Niraparib (Zejula) found to prolong time without symptoms or toxicity in patients with ovarian cancer.
Treatment with niraparib (Zejula) can significantly prolong the time without symptoms or toxicity (TWiST) for patients with recurrent ovarian cancer that is in remission through platinum-based chemotherapy, according to a new study led by researchers at Dana-Farber Cancer Institute.
In the study, published in the Journal of Clinical Oncology, researchers examined data from 553 participants in the phase 3 ENGOT-OV16/NOVA trial, which compared niraparib with a placebo in women with platinum-sensitive ovarian cancer who had received at least 2 courses of platinum-based chemotherapy. Results were calculated for patients with an inherited (germline) BRCA gene mutation and for those without this mutation.

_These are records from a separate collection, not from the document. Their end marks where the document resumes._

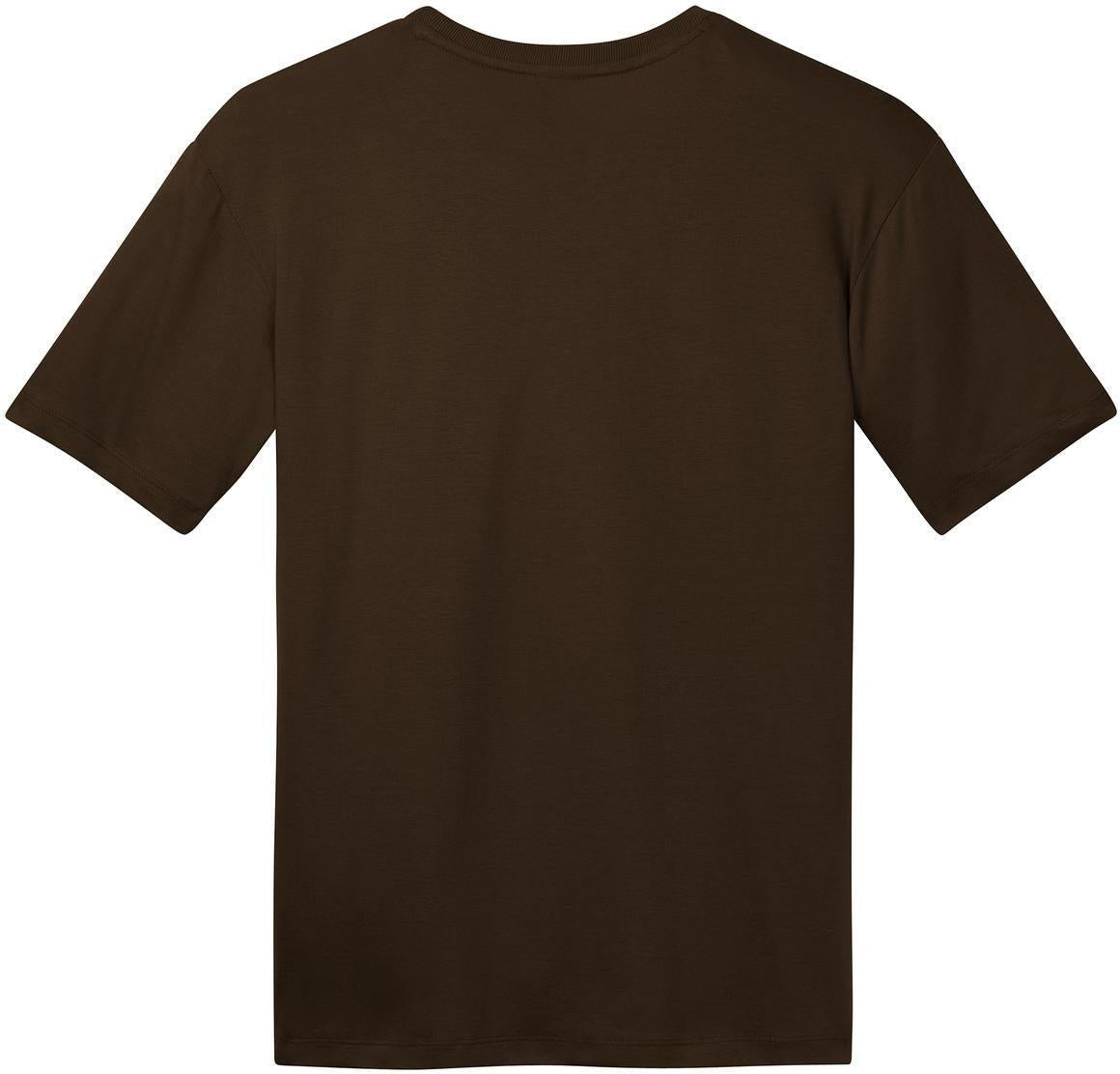 no-logo District Perfect Weight Crew Tee-Regular-District-Thread Logic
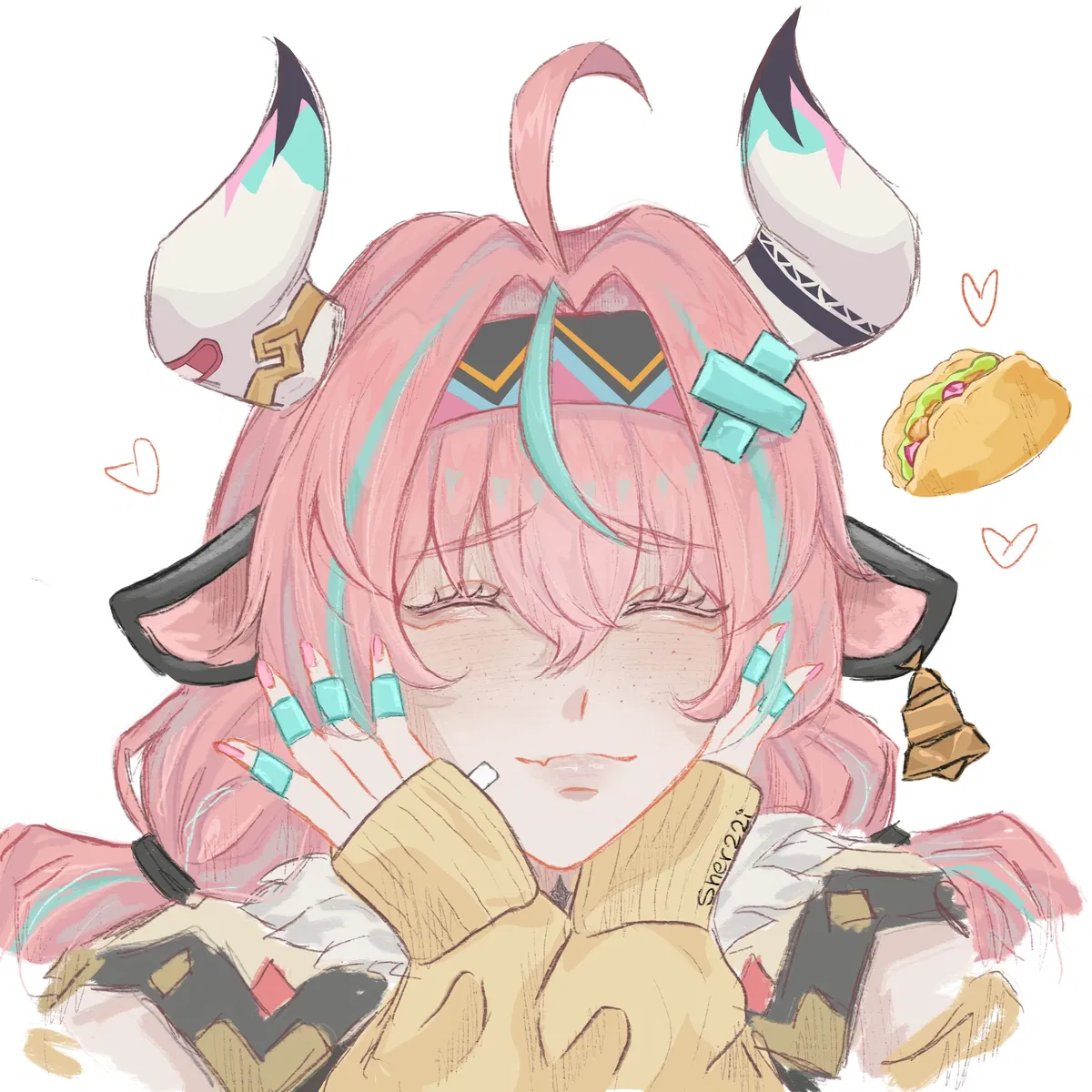 Avatar of Varesa <3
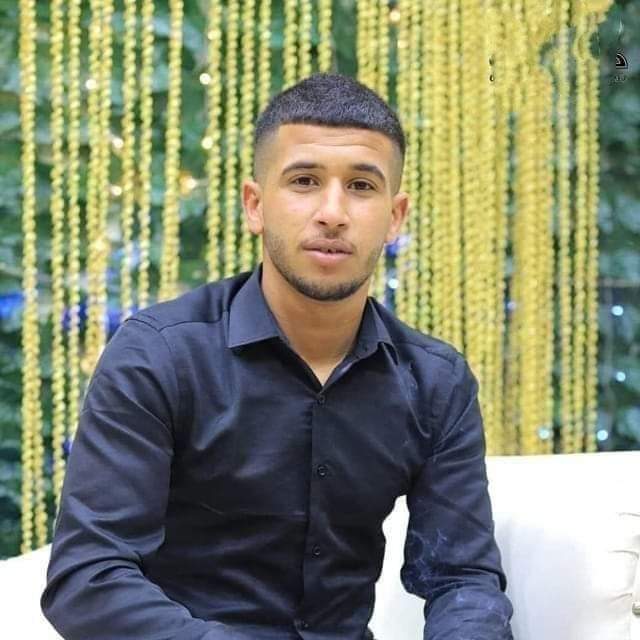 الشهيد لطفي لبدي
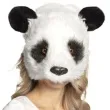 maska panda pluszowa boland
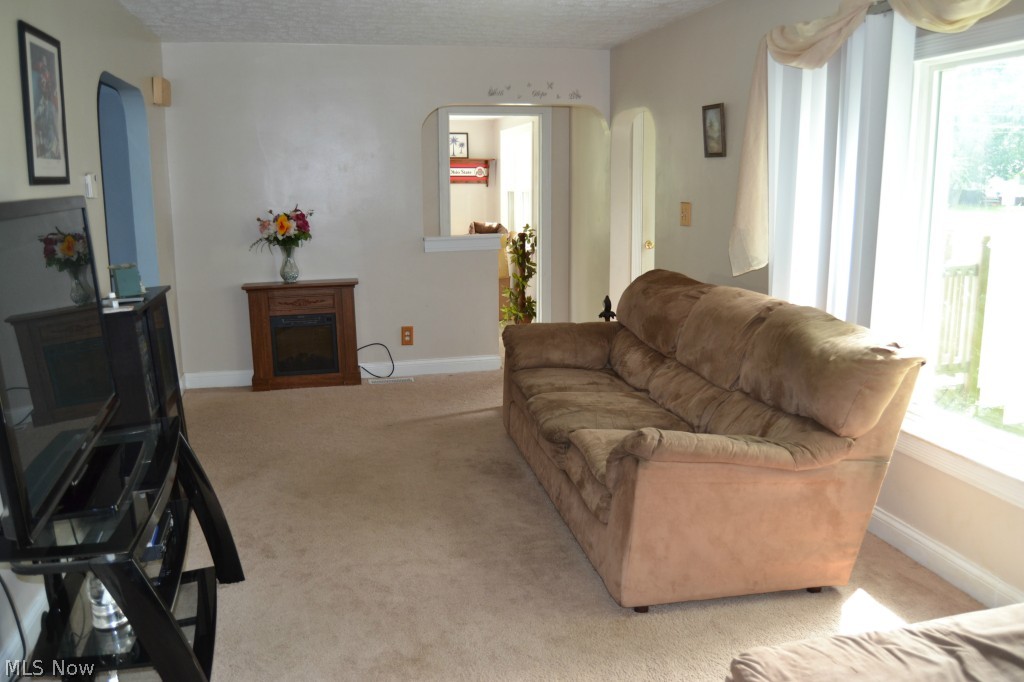 Stevens Blvd Allotment - Residential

According to the press release, TWiST is a statistical measure that provides an estimate of how long a patient is free of disease progression and toxicity from treatment and, therefore, is likely to maintain a good quality of life. In this study, investigators first estimated the mean progression-free survival (PFS) and mean time with toxicity for patients treated with niraparib and those given a placebo. Toxicity was defined as grade 2 or higher fatigue, nausea, or vomiting. By calculating the difference in mean PFS and mean time with toxicity, researchers arrived at TWiST for each group.
The mean TWiST for women receiving niraparib maintenance therapy was more than 4 times higher than for patients receiving a placebo in the BRCA-mutant group and two times higher in the non-mutant group.
Niraparib, a poly (ADP-ribose) polymerase (PARP) inhibitor, undermines cancer cells by lowering their ability to repair damage to their DNA. The PARP inhibitor was approved by the FDA in 2017 as a maintenance treatment for women with recurrent epithelial ovarian, fallopian tube, or primary peritoneal cancer who are responding to platinum chemotherapy.